Segment Start: INPUT MATERIAL

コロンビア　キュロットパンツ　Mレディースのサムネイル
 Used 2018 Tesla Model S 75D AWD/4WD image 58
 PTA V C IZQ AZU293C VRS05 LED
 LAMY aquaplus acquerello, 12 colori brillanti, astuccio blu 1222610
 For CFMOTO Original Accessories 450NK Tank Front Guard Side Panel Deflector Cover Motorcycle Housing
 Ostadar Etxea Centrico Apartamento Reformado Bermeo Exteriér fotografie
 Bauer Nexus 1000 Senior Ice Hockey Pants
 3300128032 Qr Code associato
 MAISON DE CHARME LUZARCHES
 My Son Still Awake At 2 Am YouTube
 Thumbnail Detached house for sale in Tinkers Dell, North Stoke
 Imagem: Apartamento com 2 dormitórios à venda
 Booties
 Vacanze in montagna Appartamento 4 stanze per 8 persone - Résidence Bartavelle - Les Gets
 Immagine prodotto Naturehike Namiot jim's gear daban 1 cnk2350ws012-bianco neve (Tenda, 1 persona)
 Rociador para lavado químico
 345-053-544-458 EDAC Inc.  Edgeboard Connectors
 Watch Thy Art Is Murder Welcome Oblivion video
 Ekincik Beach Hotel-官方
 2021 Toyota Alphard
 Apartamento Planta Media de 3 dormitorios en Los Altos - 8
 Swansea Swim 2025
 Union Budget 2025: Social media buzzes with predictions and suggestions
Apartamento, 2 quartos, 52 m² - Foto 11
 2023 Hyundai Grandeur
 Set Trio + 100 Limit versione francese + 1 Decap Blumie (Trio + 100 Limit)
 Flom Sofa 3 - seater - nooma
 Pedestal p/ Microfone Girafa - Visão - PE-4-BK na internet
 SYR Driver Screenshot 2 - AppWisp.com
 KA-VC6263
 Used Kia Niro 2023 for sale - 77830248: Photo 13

Segment End: INPUT MATERIAL

ACTIVITY: All lines from the one with "Set Trio + 100" onward to the end of the records above should be repeated exactly, and only those lines.

THE COMPLETED TASK:
 Set Trio + 100 Limit versione francese + 1 Decap Blumie (Trio + 100 Limit)
 Flom Sofa 3 - seater - nooma
 Pedestal p/ Microfone Girafa - Visão - PE-4-BK na internet
 SYR Driver Screenshot 2 - AppWisp.com
 KA-VC6263
 Used Kia Niro 2023 for sale - 77830248: Photo 13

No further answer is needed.